● Brief: In your copy, leave out the pictures and reproduce the listing below exactly.

● Data below:

┏━━

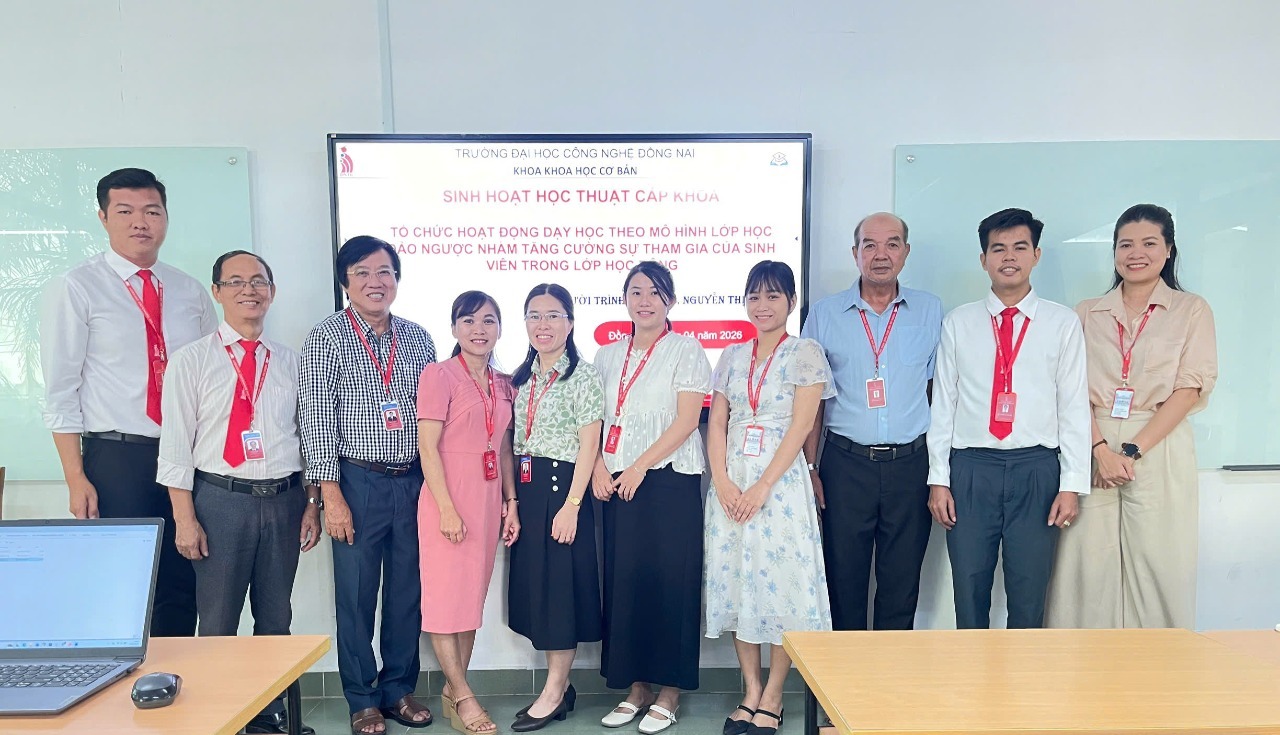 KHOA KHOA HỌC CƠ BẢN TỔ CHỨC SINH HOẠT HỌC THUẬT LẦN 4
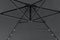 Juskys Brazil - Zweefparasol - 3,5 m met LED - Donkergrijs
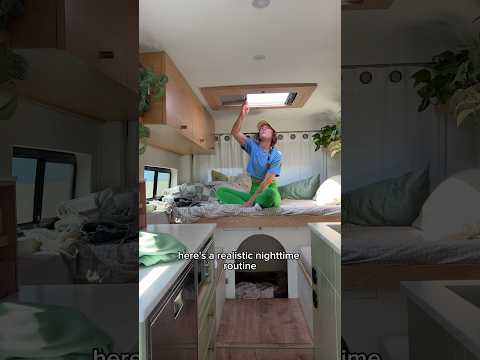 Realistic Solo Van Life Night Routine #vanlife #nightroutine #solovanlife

┗━━

● Result:
 KHOA KHOA HỌC CƠ BẢN TỔ CHỨC SINH HOẠT HỌC THUẬT LẦN 4
 Juskys Brazil - Zweefparasol - 3,5 m met LED - Donkergrijs
 Realistic Solo Van Life Night Routine #vanlife #nightroutine #solovanlife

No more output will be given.